Have you ever felt this way? Have you ever felt like you've been putting in too many hours and now it's catching up to you? Maybe you're a bit more forgetful, or fearful, or frayed. It might have something to do with the narrow margins between work and rest, creating and consuming, playing and working.

I think I'm there...and this vacation couldn't come at a better time.  I've absolutely had a blast working hard to launch this book while dedicating loads of other creative energy into some very exciting projects with my other job at BIC Canada. It feels counter-intuitive to step away and take a rest, but I've learned over the years that this is EXACTLY what I need to do when I start feeling thin, and tired.

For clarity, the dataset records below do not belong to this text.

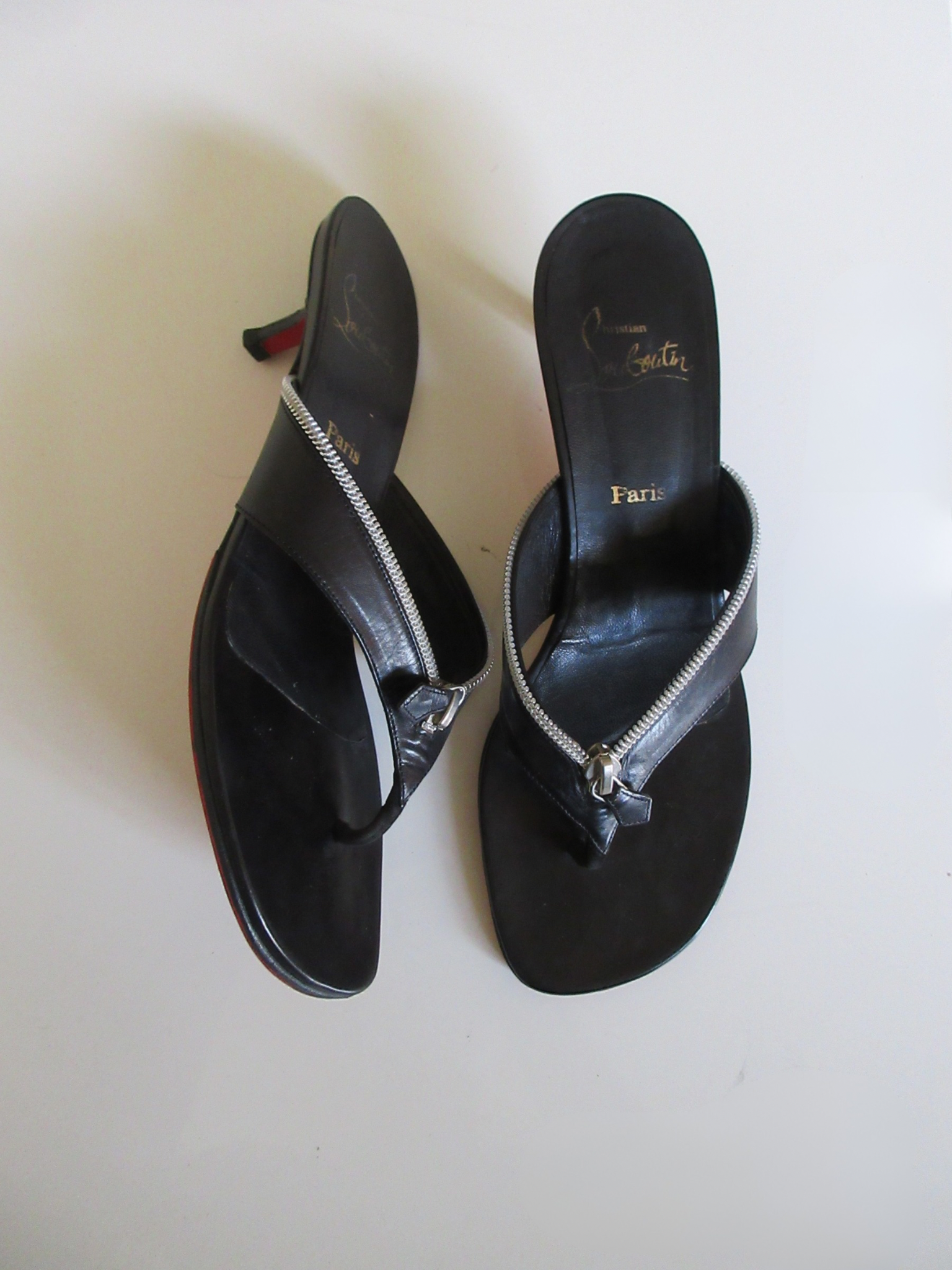Christian Louboutin Zipper Heels (EU 39/ US 8.5)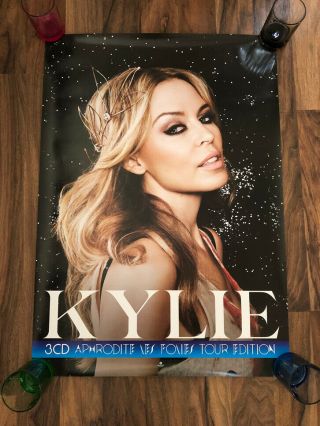 Kylie Minogue Aphrodite Les Folies Tour Edition Double Sided Promo Poster Rare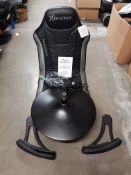 (10F) RRP £299.99. X-Rocker Monsoon RGB 4.1 Neo Motion LED Gaming Chair. (Lot Contains Chair Bod...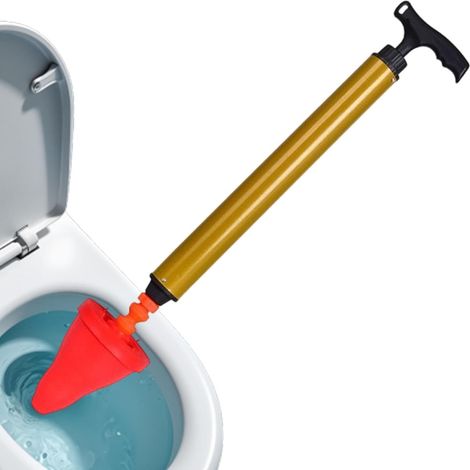 Déboucheur de Toilette Robuste Puissant Anti-dérapant Inoxydable Haute Déboucheur Mécanique pour Toilettes Pour Maison, Résidence Étudiante, Hôtel, Appartement (1/5)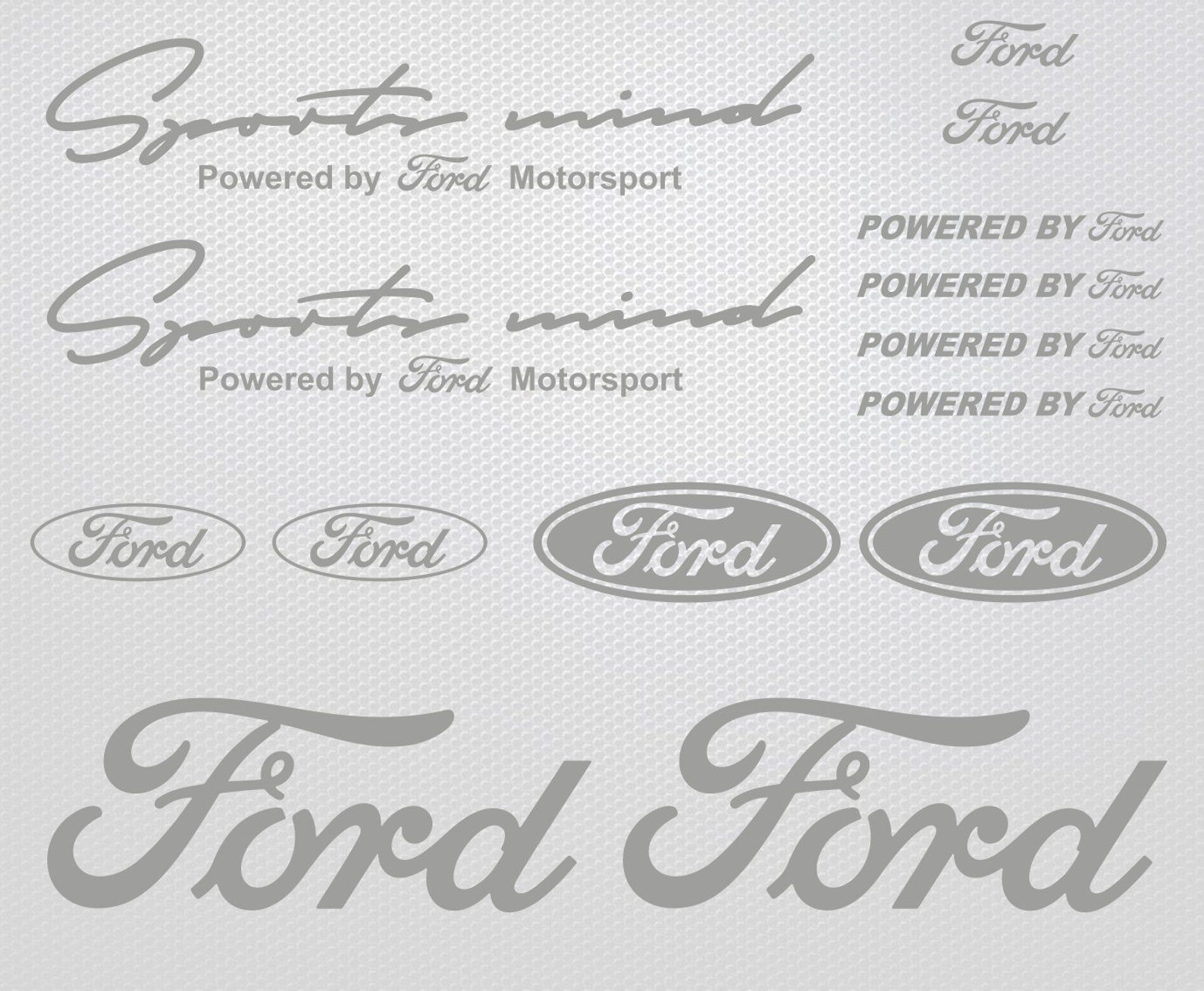 Ford sticker ford decal vinyl decal sticker set sticker Etsy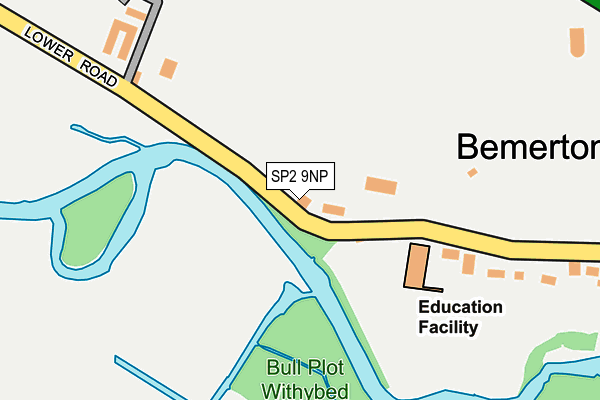 SP2 9NP map - OS OpenMap – Local (Ordnance Survey)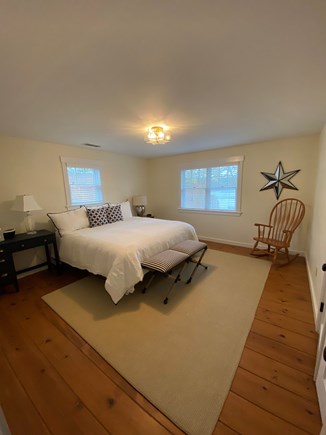 South Harwich Cape Cod vacation rental - Bedroom #3 w/ king bed, pond views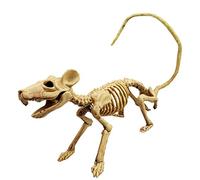 Esqueleto de rata, esqueleto de rata para decoraciones de Halloween 9x1.9x2.7 pulgadas de plástico de rata esqueleto decoraciones de Halloween accesorios de Halloween para accesorio de casa embrujado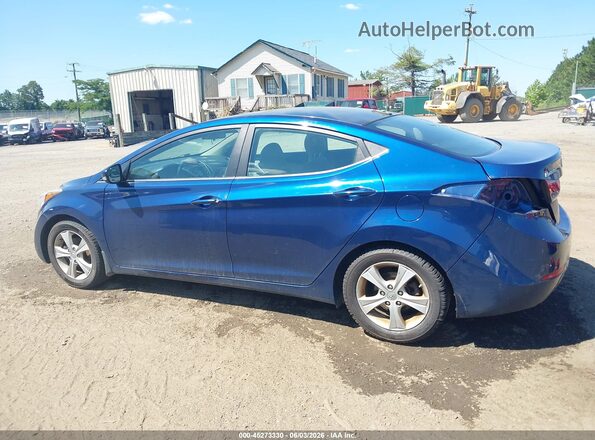 5NPDH4AE7GH775775 2016 HYUNDAI ELANTRA Blue 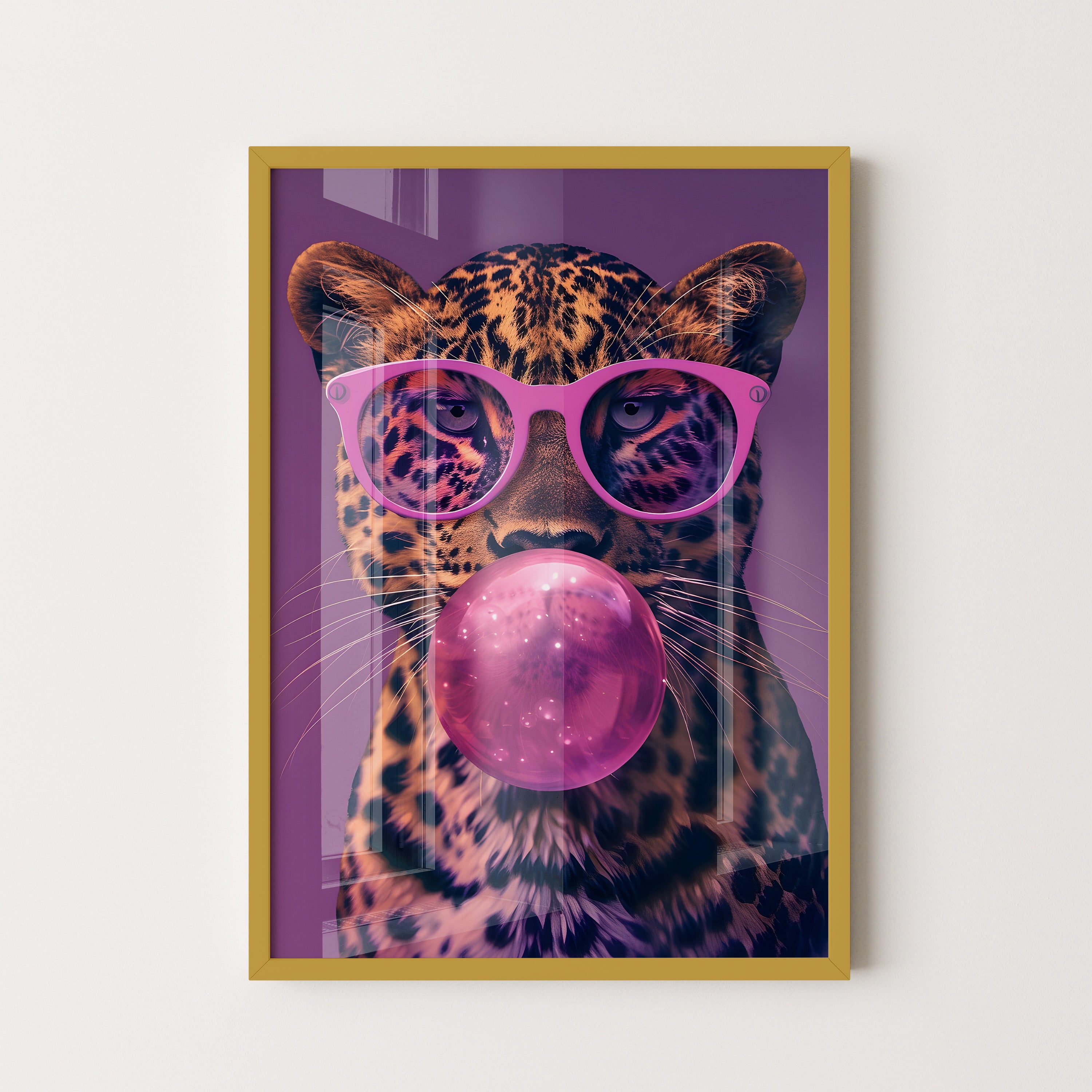 Bubblegum Leopard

I wrote about this in the book when I was describing what it felt like to be reborn to a new way of thinking about my work.  Sadly, I feel like I learned the hard way...after I had over-worked to over-compensate for the loneliness I was feeling in my life. 

Work is like that isn't it? We often use it to feed the best and worst parts of us.

Here's a little tidbit from that section of the book:

During the times in my life when an old habit or pattern is being put
to death, I almost always feel fragile. I’m not exactly sure where and
how to step. I’m so used to carrying the bundles. I’ve been running
on this terrain for a while and the ruts are deep, threatening to pull
me in again. Now I’m in unfamiliar territory without a map. I don’t
want to screw things up and return to the well-walked path. I know
those ruts lead to nowhere I want to go.

I remember feeling unsettled when I decided I needed to have
better boundaries around working too many hours. I was used to
completing my to-do list every day, regardless of how much time
it took. But choosing to not complete everything made me feel like
I was precariously close to something fatal. Of course that wasn’t
true, but it felt like something I highly valued was up for grabs—
my productivity and even my sense of worthiness.

I knew I needed
to curb this habit and even die to getting my sense of worth from
my level of productivity, but I wasn’t entirely sure how to go about
doing it. What was I to do about the things that wouldn’t get done?
How would I make choices about what work to leave and what
work to finish? What would people think if I didn’t deliver it to
them like I had in the past? These are the questions of someone
walking on a new path. But they are the right questions because
they are being asked on the path of transformation.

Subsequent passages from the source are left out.